== Segment start ==

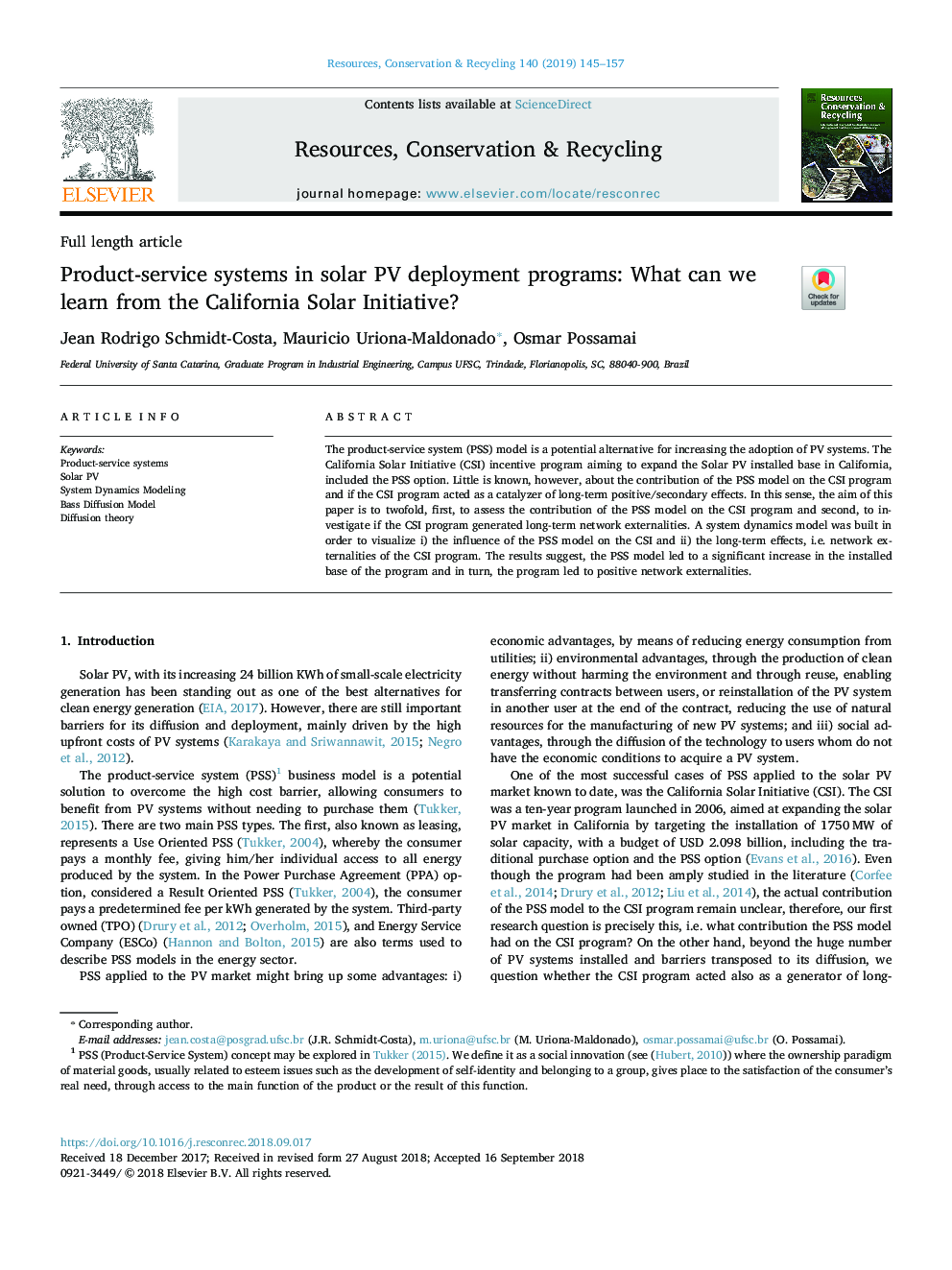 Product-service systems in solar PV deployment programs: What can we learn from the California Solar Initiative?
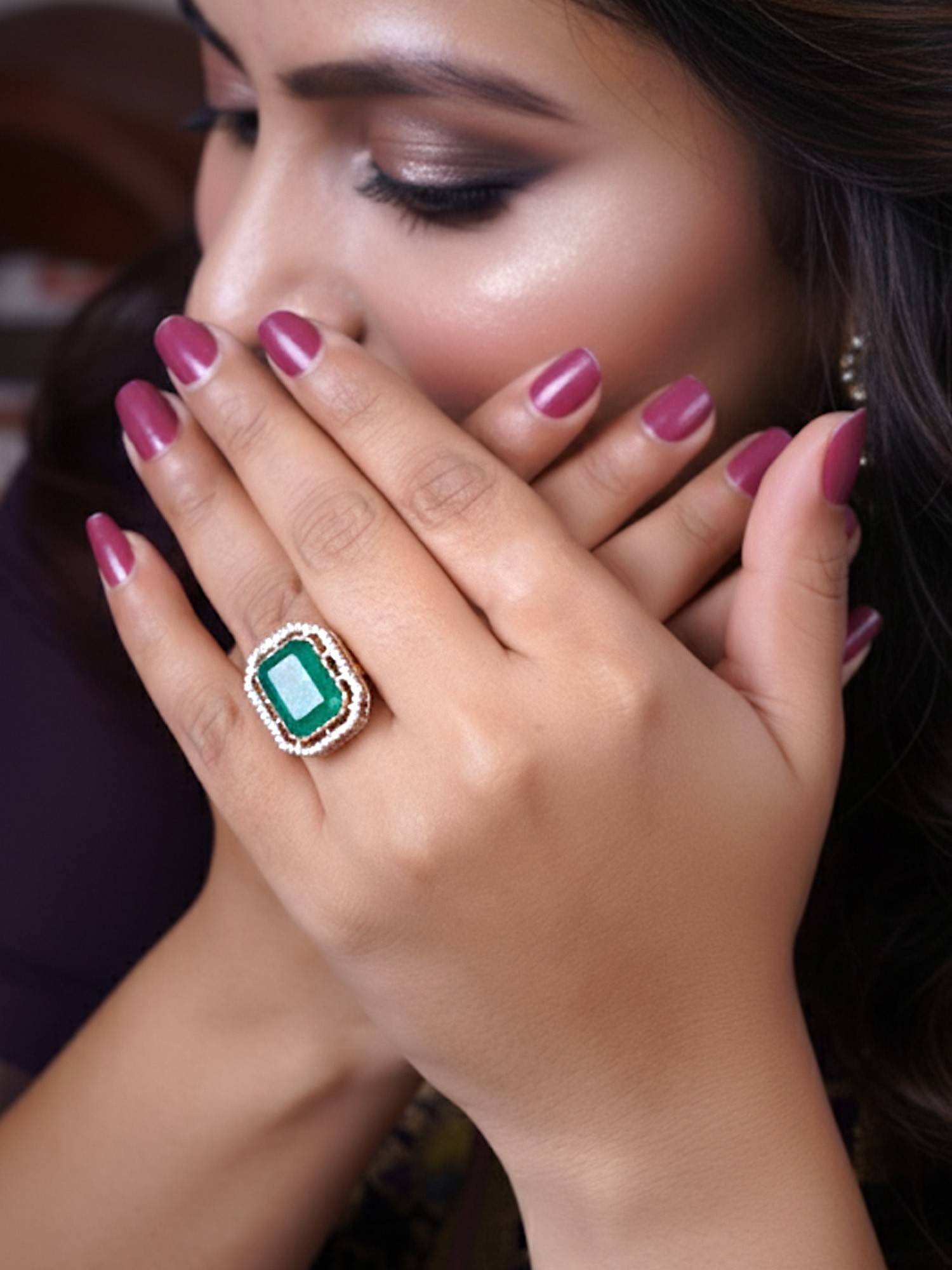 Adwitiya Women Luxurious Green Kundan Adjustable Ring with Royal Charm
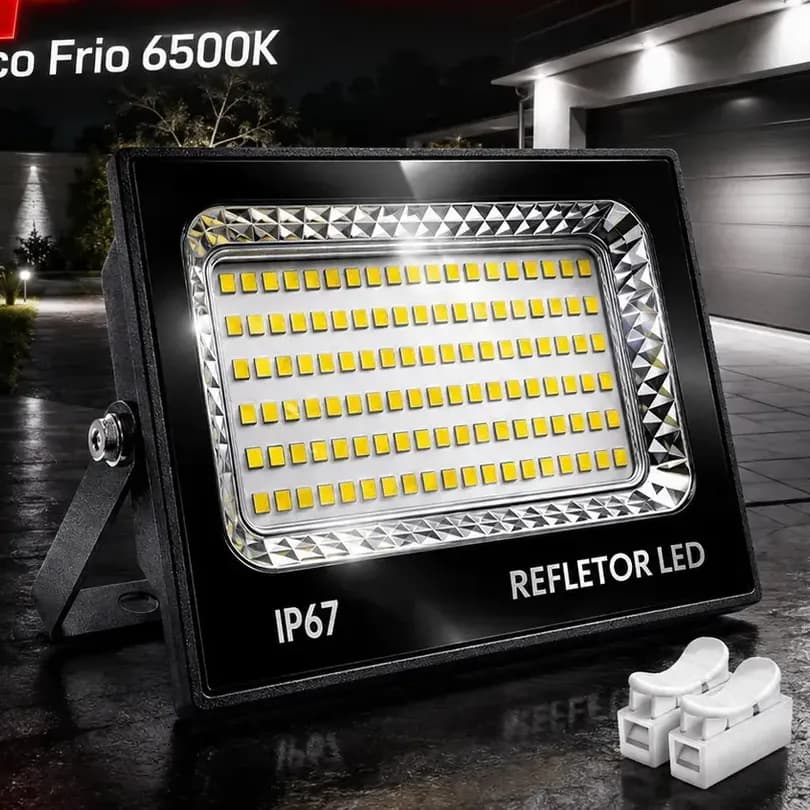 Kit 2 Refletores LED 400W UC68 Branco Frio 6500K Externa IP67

== Segment end ==

Leave the images out as you retype each line of the material exactly.

 Product-service systems in solar PV deployment programs: What can we learn from the California Solar Initiative?
 Adwitiya Women Luxurious Green Kundan Adjustable Ring with Royal Charm
 Kit 2 Refletores LED 400W UC68 Branco Frio 6500K Externa IP67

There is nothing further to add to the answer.